**Work required**
Taking the data below, please print only the lines from the line holding "ALF Temporada 1 Episodios 20 • Sub Español" to the line holding "God songs Telugu screenshot 1", inclusive, with pictures omitted.

**Dataset entries**
------------------------------------

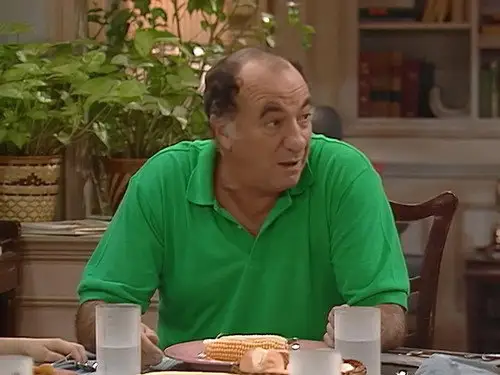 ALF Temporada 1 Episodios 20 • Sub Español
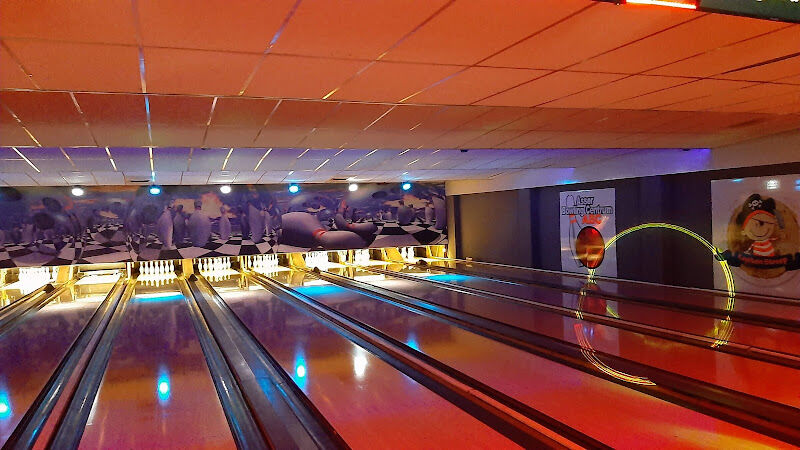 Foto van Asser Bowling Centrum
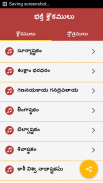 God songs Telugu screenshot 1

------------------------------------

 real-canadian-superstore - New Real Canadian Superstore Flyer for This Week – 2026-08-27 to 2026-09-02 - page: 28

------------------------------------

**Task result**
 ALF Temporada 1 Episodios 20 • Sub Español
 Foto van Asser Bowling Centrum
 God songs Telugu screenshot 1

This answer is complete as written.